The Whole Church Sings: Congregational Singing in Luther’s Wittenberg, Robin A. Leaver (Eerdmans, 2017), 220 pages. Leaver is an expert in Reformation hymnody and liturgy with many books to his name. Here he recounts the formative years of music for the new congregational life emerging in Wittenberg and Luther’s influence on hymns and hymnals. The book is a tribute and testimony to how we can accomplish effective and excellent teaching through music. Leaver notes that the substance of this study was developed in large part from his keynote address at the Institute on Liturgy, Preaching, and Church Music held at Concordia University, Nebraska in July, 2014.

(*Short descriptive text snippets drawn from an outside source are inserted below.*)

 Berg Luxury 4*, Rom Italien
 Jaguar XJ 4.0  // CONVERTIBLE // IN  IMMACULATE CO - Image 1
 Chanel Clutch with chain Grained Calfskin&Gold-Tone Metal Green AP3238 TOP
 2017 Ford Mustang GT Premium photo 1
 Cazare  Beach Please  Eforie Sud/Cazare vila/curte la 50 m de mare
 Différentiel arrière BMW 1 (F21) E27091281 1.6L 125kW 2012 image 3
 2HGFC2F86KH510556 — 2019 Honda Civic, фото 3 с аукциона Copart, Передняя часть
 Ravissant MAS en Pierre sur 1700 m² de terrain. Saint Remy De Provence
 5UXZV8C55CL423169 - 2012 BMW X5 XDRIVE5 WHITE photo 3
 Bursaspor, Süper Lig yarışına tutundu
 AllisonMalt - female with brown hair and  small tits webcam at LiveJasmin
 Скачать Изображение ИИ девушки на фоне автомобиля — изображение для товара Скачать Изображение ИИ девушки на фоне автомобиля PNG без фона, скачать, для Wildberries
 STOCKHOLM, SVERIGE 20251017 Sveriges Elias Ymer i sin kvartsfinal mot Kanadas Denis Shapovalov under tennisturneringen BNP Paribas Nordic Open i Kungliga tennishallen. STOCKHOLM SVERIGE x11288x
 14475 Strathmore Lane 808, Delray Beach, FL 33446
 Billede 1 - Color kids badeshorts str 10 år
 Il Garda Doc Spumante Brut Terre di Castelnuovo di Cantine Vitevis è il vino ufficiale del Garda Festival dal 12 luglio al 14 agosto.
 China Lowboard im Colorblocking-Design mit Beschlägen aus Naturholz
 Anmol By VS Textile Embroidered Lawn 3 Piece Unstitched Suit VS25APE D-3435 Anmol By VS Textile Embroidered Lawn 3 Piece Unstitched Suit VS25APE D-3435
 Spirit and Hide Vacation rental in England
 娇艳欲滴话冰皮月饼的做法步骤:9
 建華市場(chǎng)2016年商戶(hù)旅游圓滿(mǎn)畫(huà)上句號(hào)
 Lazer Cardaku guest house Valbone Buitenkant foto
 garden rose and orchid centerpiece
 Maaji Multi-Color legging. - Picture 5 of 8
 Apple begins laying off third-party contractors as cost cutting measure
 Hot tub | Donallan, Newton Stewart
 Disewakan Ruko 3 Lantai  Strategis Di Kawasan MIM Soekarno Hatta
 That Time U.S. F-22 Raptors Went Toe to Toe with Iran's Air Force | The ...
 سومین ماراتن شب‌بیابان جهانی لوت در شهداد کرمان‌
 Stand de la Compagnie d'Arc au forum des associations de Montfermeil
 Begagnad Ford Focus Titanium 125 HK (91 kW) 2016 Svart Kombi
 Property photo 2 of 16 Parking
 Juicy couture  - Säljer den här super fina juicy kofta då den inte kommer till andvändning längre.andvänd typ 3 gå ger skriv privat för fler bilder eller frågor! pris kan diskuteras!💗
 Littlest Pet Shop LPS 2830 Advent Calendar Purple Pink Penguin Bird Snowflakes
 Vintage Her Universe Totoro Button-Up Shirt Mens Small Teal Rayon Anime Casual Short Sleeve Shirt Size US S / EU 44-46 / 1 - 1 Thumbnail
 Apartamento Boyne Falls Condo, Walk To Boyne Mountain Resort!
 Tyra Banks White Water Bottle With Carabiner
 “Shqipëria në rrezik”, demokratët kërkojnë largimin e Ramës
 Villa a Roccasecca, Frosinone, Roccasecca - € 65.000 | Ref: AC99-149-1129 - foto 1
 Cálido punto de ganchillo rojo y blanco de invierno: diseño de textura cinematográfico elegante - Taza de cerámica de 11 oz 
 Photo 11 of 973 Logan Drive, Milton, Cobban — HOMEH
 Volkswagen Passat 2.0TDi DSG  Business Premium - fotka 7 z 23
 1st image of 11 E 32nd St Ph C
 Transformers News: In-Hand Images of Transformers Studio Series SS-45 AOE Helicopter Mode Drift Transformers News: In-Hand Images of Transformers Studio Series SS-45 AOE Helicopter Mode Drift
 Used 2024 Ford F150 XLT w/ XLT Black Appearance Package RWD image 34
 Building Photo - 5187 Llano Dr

Martin Luther: Visionary Reformer, Scott H. Hendrix (Yale University Press, 2017), 368 pages. We close with one more—and new—biography that has received good reviews, including endorsements from Marilyn Harran and Robert Kolb. This citation from Hendrix in his preface characterizes Luther well and may prompt you to read further:
Whether one believes in God or not, religion remains a powerful force for good and evil in human affairs and does not appear to be losing its potency. Luther would not be surprised, nor would he try to explain why God does not jump in and fix the world. The mystery and otherness of God were precious to him, and the faith that captured his heart sustained him when his mind found no easy answer for the suffering and disappointment that touched his own life. According to Luther, faith was hard, but it was the only sure foundation of a religion that was both humble and hopeful: humble about its own power to remake the world, yet hopeful about a power—greater than that of religion itself—to save us from ourselves (p. xiii).